Le lancement sur le marché d’un jeu vidéo comporte trois étapes, et autant de types d’acteurs différents : le développement ou la création du jeu, sa production-édition et enfin sa distribution27(*). Certains acteurs sont uniquement développeurs, d’autres sont développeurs-éditeurs et d’autres sont développeurs, éditeurs et distributeurs.

· La phase de création

La première étape est la création à proprement parler du jeu vidéo par des studios. Ceux-ci sont des entreprises de taille très variable, souvent des PME, soit indépendantes, soit intégrées à l’éditeur. Les équipes y travaillant font collaborer de nombreux corps de métiers ultra spécialisés et qualifiés :

– les concepteurs, ou game designers, chargés d’imaginer les concepts sur lesquels sont basés les jeux. Ils sont parfois assistés par des scénaristes, notamment quand l’univers en est complexe, comme dans les jeux de rôle ;

– les concepteurs de niveau, ou level designer, chargés de réaliser les niveaux de jeu en respectant les consignes globales définies par les game designers ;

– les infographistes 2D et 3D, les musiciens et les techniciens, qui assistent les concepteurs ;

– les programmeurs, chargés du développement global du jeu, qui interviennent sur le moteur du jeu, mais aussi sur des logiciels annexes ;

– les testeurs, qui s’inscrivent dans une démarche qualité ;

– les traducteurs, chargés de traduire non seulement les dialogues, mais aussi les inscriptions et les menus des jeux.

En outre, la complexification croissante des jeux a incité les développeurs à solliciter desprestataires intermédiaires spécialisés.
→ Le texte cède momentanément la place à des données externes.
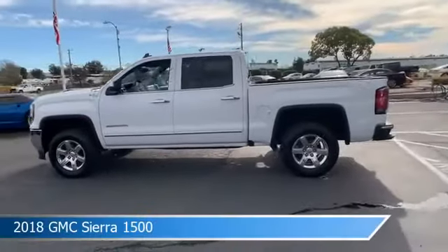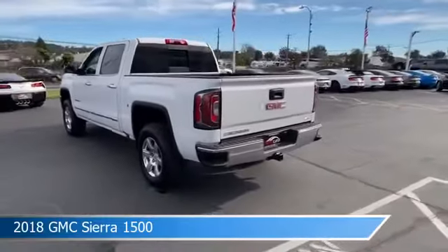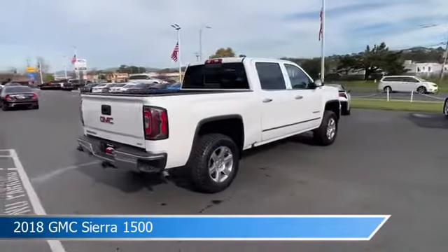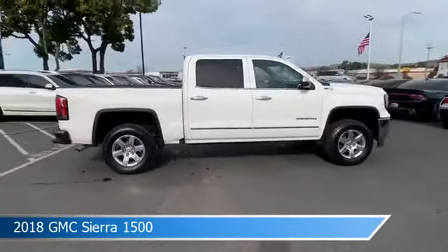Take a look at this 2018 GMC Sierra 1500, equipped with an automatic 6-speed PDHD with overdrive transmission in Summit White. This truck comes with some great features including adjustable pedals, HD radio, alloy wheels, anti-lock brakes, and more.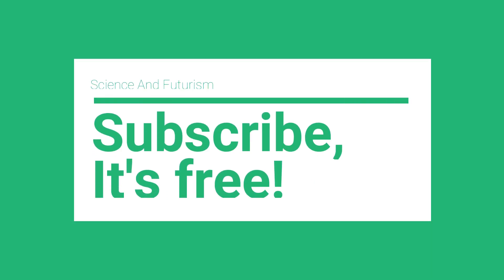That's all for today's video. If you like the content, do consider subscribing to the channel. Thanks for watching and have a nice day.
Ces sous-traitants peuvent intervenir sur une partie du jeu (création sonore, graphique…) ou sur des éléments support (moteur 3D…).

Les relations contractuelles entre développeurs et éditeurs sont particulièrement diversifiées, sachant que les « poids lourds » du secteur, comme Activision-Blizzard, EA, Titus, Infogrames ou Ubisoft, sont à la fois développeurs, éditeurs et distributeurs.

On distingue, parmi les développeurs, ceux qui n’ont pas d’indépendance par rapport à l’éditeur de ceux qui en conservent une. Les « first-party-publisher » sont intégrés à l’éditeur de jeu vidéo (ou au producteur de consoles) et peuvent utiliser soit le nom de leur éditeur (comme Nintendo, Electronic Arts, Ubisoft, Sega ou Activision-Blizzard), soit un nom propre (comme Polyphony Digital chez Sony).

Un « second-party-publisher » est un ancien studio indépendant qui s’est fait racheter par un« first-party-publisher » pour développer des jeux. Enfin, un « third-party-publisher » est un studio de développement indépendant, mais qui peut avoir des accords exclusifs d’édition avec les éditeurs.

L’initiative de la création d’un jeu provient de l’éditeur, ou du développeur lui-même s’il s’agit d’un concept original. La phase de conception, financée par l’un ou l’autre selon les cas, laisse place à une phase de pré-production débouchant sur la mise au point d’une maquette informatique puis, si elle est validée, à la phase de production proprement dite, financée par l’éditeur.

La rémunération du développeur comporte normalement deux parties : une avance sur royalties, fixe, que lui consent l’éditeur, et qui n’est pas remboursable, même en cas d’échec commercial, ainsi qu’une rémunération proportionnelle aux ventes effectives, versée une fois les coûts de production couverts.

· La phase de production

La phase de production du jeu, au sens qu’elle a dans l’industrie du cinéma, est prise en charge par l’éditeur. Celui-ci, qui a assuré le financement de sa création, détient les droits de propriété intellectuelle, produit le support du jeu, les notices et l’emballage du logiciel, assure le marketing et la promotion, et fait le lien avec le distributeur. C’est son label qui figure sur les jeux.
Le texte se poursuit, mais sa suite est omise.